Bangunannya sempit, reyot dan berkarat. Tanpa jendela, tanpa ventilasi. Didalamnya hanya ada tempat tidur beralas kardus yang dirangkai seadanya hingga menyerupai ranjang.
"Kalau siang begini panas sekali, tapi sudah sukur ada tempat berteduh", tuturnya.
Nenek Sutirah adalah tipe orang bermental baja. Meski hidup terlunta-lunta dan serba kekurangan, Beliau tidak mau menerima belas kasihan orang begitu saja.
Usman Ali, advokat Lembaga Bantuan Hukum Progresif (LBHP Tolitoli) yang saat itu akan memberinya uang, ditolaknya.
Dipaksapun ia tidak mau. Berkali-kali Usman Ali menawarkan, bahkan berusaha menyelipkan uang disaku banjunya.
"Jangan Nak, beli saja becak ku itu", katanya.
Terpaksa kami putuskan membawa becaknya kebengkel tempat tempat jual-beli kendaraan bekas di Jl.
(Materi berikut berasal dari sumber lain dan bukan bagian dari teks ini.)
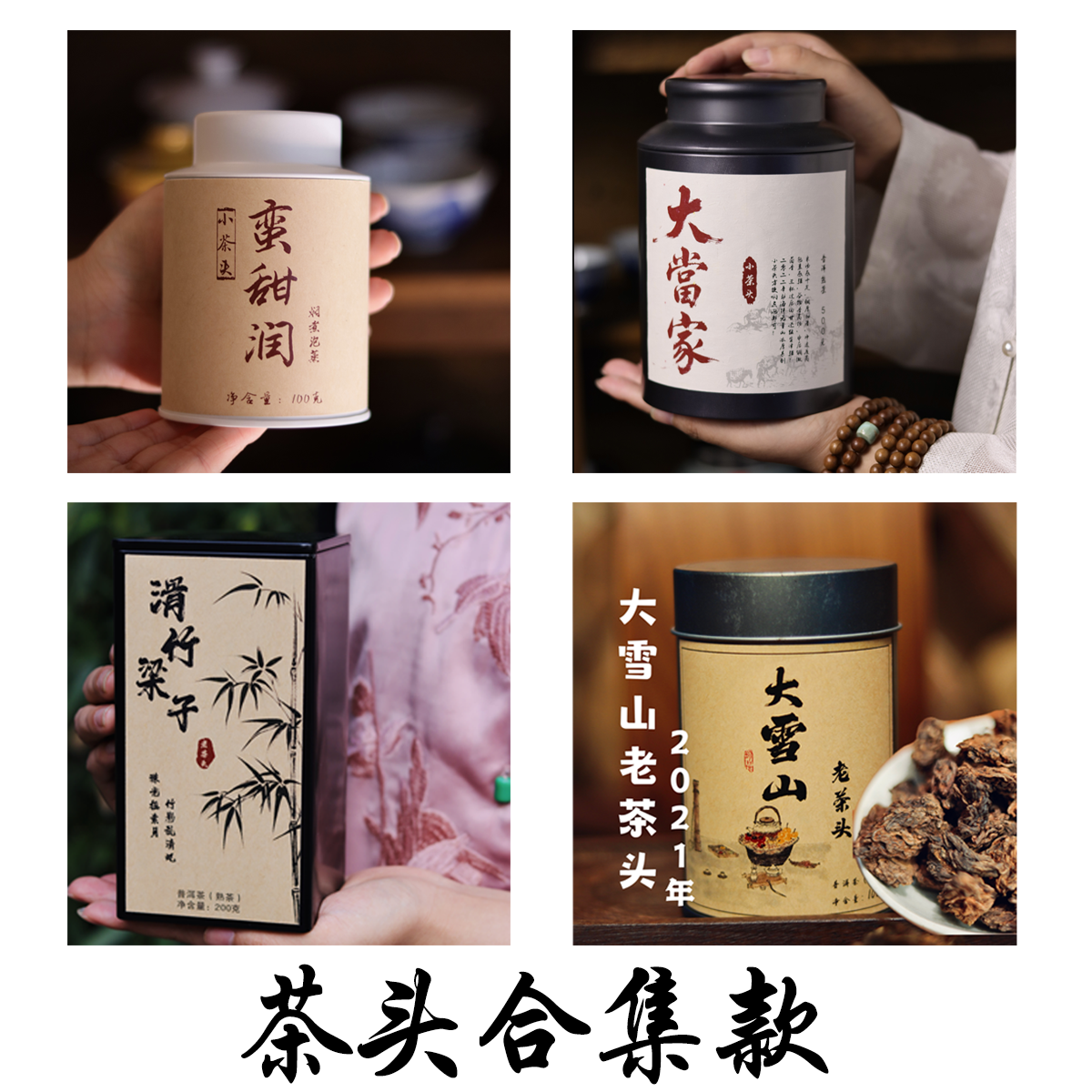 熟茶茶头合集款 大雪山+ 滑竹梁子+ 蛮甜润+大当家共4款 600g合集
WR Supratman. Usman Ali yang mengayuh. Saya dan Maddi bersepeda motor. Maddi mengawal dari dibelakang, saya di depan. Takut nanti abang becak dadakan masuk got atau bersenggolan dengan kendaraan lain.
Alhamdulillah...! Becaknya laku Rp 200.000, namun Usman Ali menggenapkannya menjadi Rp 500.000 dan diterima Nenek Sutirah dengan ucapan "terima kasih" berkali-kali.